Kaggle Link - https://www.kaggle.com/datasets/hijest/genre-classification-dataset-imdb

Task 2- Credit Card Fraud Detection - Two large datasets- fraudTest and fraudTrain can be found from the website, but are too large to upload. They have been analysed using Naive Bayes and Logistic Regression, giving accuracies of 91.8% and 99.4% respectively, and visualized using different plotting techniques, including a confusion matrix. At the end, it also provides a 0/1 output when provided with credit card details.

Kaggle Link - https://www.kaggle.com/datasets/kartik2112/fraud-detection

Task 3- Spam SMS Detection - In this program, a dataset of 5574 rows containing two columns- one saying if the messages are spam or not, and the other containing the mesaages themselves, is fed into the code. This dataset has been visualized using a simple barplot to show how many spam messages are there in total, and further visualized using WordCloud.
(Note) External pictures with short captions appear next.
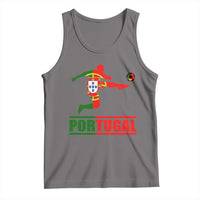Portugal Soccer Tank Top Portuguese Flag Futebol Football Player - Wonder Print Shop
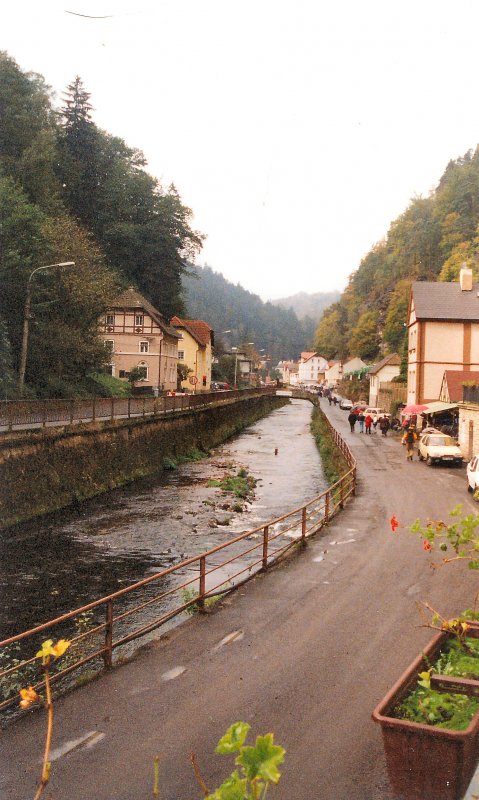 Schsich-Bhmische-Schweiz, Blick nach Hrensko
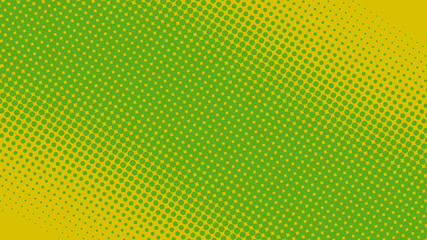 Lime green pop art background in retro comic style with halftone dotted design, vector illustration eps10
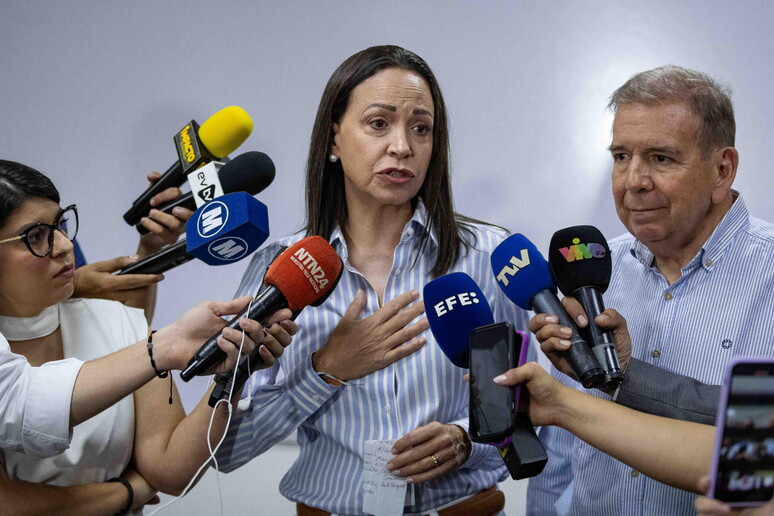 Maria Corina Machado denunciou tentativa de atentado - TODOS OS DIREITOS RESERVADOS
The dataset itself has been trained using Naive Bayes, providing a 97.8% accuracy and correctly predicting if messages put in are spam or not.

Kaggle Link - https://www.kaggle.com/datasets/uciml/sms-spam-collection-dataset

Task 4- Customer Churn Prediction- Here, a Kaggle dataset with 10000 rows of data contains several different columns containing details about customers- Geographical location, Credit score, etc. and predetermined information saying if the customer has churned or not. This information has been visualized using the humble Barplot, Histograms and a Correlation Matrix via Heatmap. This has also been trained using Logistic Regression, returning an accuracy of 81.5%, and a function has been written to determine if provided information of a customer could determine if the customer will churn or not.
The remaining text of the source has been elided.